Independent thinkers. These are the kind of people who become interested in Elliott wave analysis of financial markets. And we welcome you here, because we know that most people never get past fundamental analysis of markets. You, though, are our kind of thinker someone who realizes that technical analysis, with its focus on price charts and price trends, can help cut through the babble of information that fundamental analysts (and also the media) usually focus on, such as earnings reports or the business environment. If you've ever wondered why you started to question the advice you get from brokerage firms' fundamental analysts, then this excerpt from Bob Prechter's Conquer the Crash is for you.

* * * * *

Excerpt from Conquer the Crash, You Can Survive and Prosper in a Deflationary Depression (published by John Wiley & Sons)

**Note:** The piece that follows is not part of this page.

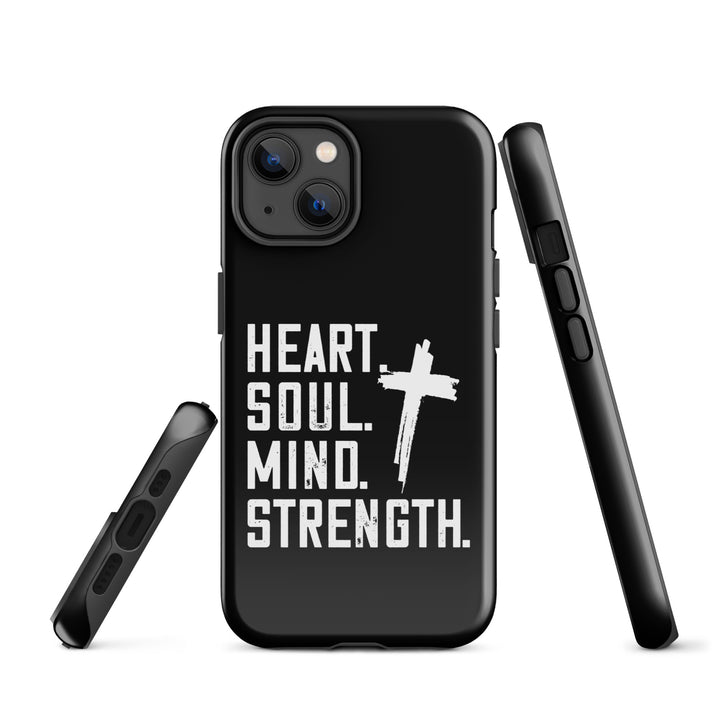 Christian Phone Case Heart Soul Mind Strength Black for iPhone® iPhone® Phone Cases   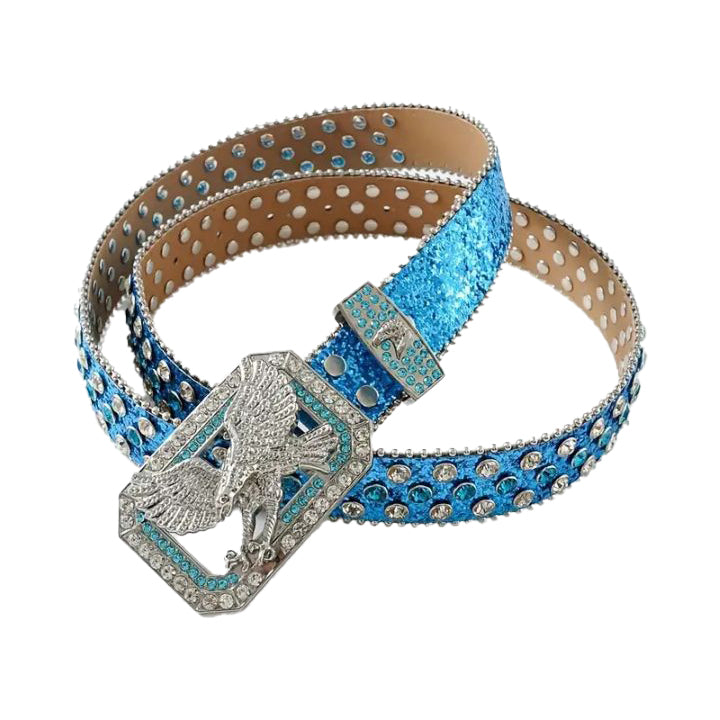 Blue Eagle Buckle Rhinestone Bling Belt – BRS-154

Throughout my career, I have advised people not to trust a brokerage firm's "fundamental" (as opposed to technical) analysts to warn you about anything. Brokerage firm analysts are notoriously poor at market timing. Besides being beholden to their corporate clients, which gives them an extreme bullish bias, most of these analysts use the wrong tools. Even when they are independent thinkers, they are usually not students of market psychology and thus have no idea how to figure out when a stock is probably topping.

In fact, brokerage firm analysts are typically cheerleaders for a stock just as it is topping out and during most of its fall. Over 20 years ago, when I worked as a Technical Market Specialist at Merrill Lynch, I watched as an analyst kept a "buy" rating on a maker of CB radios while its stock dropped from 19 to 1. Nothing has changed. According to reports, 11 out of 16 analysts covering Enron had a "buy" (some even emphasized "strong buy") on the stock four weeks before the company declared bankruptcy and well after the decline in the stock price had wiped out its investors.

As most people have subsequently learned, brokerage firm analysts almost never use the word "sell." If they really think a company's stock is dangerous, they label it a "hold." The problem with trying to follow this guideline, though, is that they usually label a stock that way after its bear market has run most or all of its course. To avoid being hurt by these strategies, you need independent market analysis.

745 posts
msg #50100
Ignore maxreturn
2/17/2007 3:22:57 PM

"To avoid being hurt by these strategies, you need independent market analysis."